John 1:1–18
In the beginning was the Word, and the Word was with God, and the Word was God. He was in the beginning with God. All things came into being through him, and without him not one thing came into being. What has come into being in him was life, and the life was the light of all people. The light shines in the darkness, and the darkness did not overcome it. There was a man sent from God, whose name was John. He came as a witness to testify to the light, so that all might believe through him. He himself was not the light, but he came to testify to the light. The true light, which enlightens everyone, was coming into the world. He was in the world, and the world came into being through him; yet the world did not know him. He came to what was his own, and his own people did not accept him. But to all who received him, who believed in his name, he gave power to become children of God, who were born, not of blood or of the will of the flesh or of the will of man, but of God. And the Word became flesh and lived among us, and we have seen his glory, the glory as of a father’s only son, full of grace and truth. (John testified to him and cried out, “This was he of whom I said, ‘He who comes after me ranks ahead of me because he was before me.’”) From his fullness we have all received, grace upon grace. The law indeed was given through Moses; grace and truth came through Jesus Christ. No one has ever seen God. It is God the only Son, who is close to the Father’s heart, who has made him known.
Commentary
This passage is the prologue to St. John’s gospel, a very deep teaching on the mystery of the Incarnation. However, don’t let us be intimidated by the depth; remember that it was written for each of us, like the whole Bible, it was for you and your salvation that it came down from heaven.
The message that we should hear from the gospel is “God so loved us that he gave his only-begotten son for us.” He gave his divine Son a human nature, to dwell among us, to teach us, and finally to die for us. And “who and what are we that he should be mindful of us?” why did he go to such lengths for us? This is one of the questions to which we shall get the answer in heaven.

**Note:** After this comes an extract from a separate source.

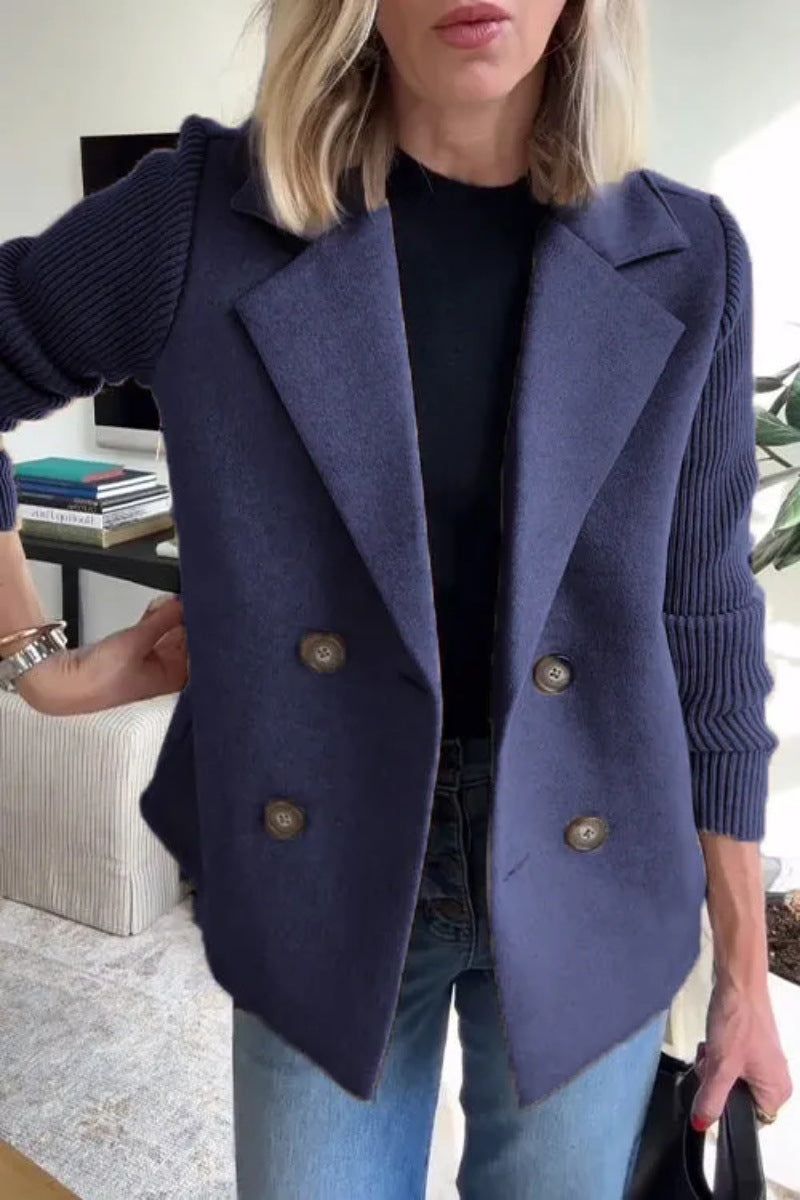 Manteau femme à double boutonnage et col revers – Drefted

In the meantime all we can do is admit the fact that God loved us, that he has done wondrous things for us because of that love. One of these things, the greatest of them, is what this gospel puts so clearly before us today: it is the fact of the Incarnation which joined our human nature with the divinity in the Person of Christ, and thereby made us heirs of heaven.
We have forgotten this privilege, this gift, too often in the past and instead of being grateful to God we have insulted and offended him. Through our sinful acts we have told him we did not want him to be our Father, we did not want the eternal heaven his Son earned for us, which means we do not want his love.
Today let us tell him we did not really mean that. We want to love him and we want to go to heaven and with the help of his grace we shall endeavor in the future to be obedient and grateful children of his.
Today’s fervor may not last, but our loving Father foresaw our weaknesses and left us the means of returning to him any time we fall. Let not our frailty then or our fickleness frighten us. We are dealing with the God of love, among whose sons and daughters there is not prodigal who is not welcome back, if he or she takes the simple steps on the return journey. So let each of us today to ask for interior knowledge of the Lord, Who for me has become man, that I may more love and follow Him. Amen.